─── Dataset content ───

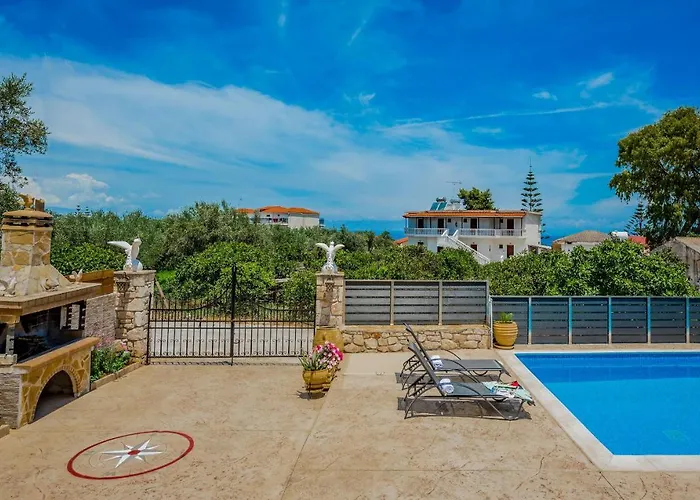 Costas Studios - 450M From Argassi Center, By Zantewize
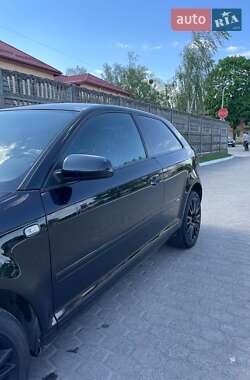 Хэтчбек Audi A3 2006 в 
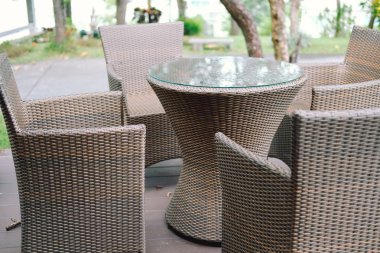 teras balkonda hasır rattan sandalye. ev e için yaşam tasarımı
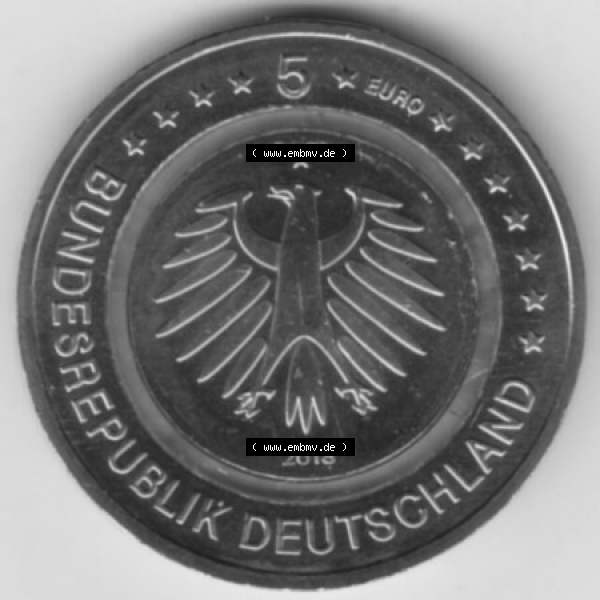 Grau bzw. s/w Münzen Deutschland Gedenkmünze 2018, 5 Euro Subtropische Zone A 400 DPI Rückseite zum herunterladen als Bildmaterial für ihre Sammlung der 5 Euro Münzen aus Deutschland Sammlung Graustufen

───

◆ What to work on
The expected answer consists solely of the lines from the one with "Хэтчбек Audi A3 2006 в" through the last line of the listing above, restated exactly, minus any pictures.

◆ Task response
 Хэтчбек Audi A3 2006 в 
 teras balkonda hasır rattan sandalye. ev e için yaşam tasarımı
 Grau bzw. s/w Münzen Deutschland Gedenkmünze 2018, 5 Euro Subtropische Zone A 400 DPI Rückseite zum herunterladen als Bildmaterial für ihre Sammlung der 5 Euro Münzen aus Deutschland Sammlung Graustufen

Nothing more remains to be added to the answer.